• **TASK INSTRUCTIONS**
The range to reproduce runs from the line containing "LV Felicie Pochette in Black" through the last line of the listing below; give exactly those lines and no others.

• **DATASET RECORDS**
——————

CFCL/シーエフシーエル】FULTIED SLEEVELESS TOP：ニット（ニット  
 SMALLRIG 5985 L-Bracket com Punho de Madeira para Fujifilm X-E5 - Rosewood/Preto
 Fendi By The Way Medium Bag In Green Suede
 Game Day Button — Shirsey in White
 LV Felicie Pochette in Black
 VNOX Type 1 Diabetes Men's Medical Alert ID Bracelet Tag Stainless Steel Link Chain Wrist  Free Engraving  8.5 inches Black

——————

• **OUTPUT BELOW**
 LV Felicie Pochette in Black
 VNOX Type 1 Diabetes Men's Medical Alert ID Bracelet Tag Stainless Steel Link Chain Wrist  Free Engraving  8.5 inches Black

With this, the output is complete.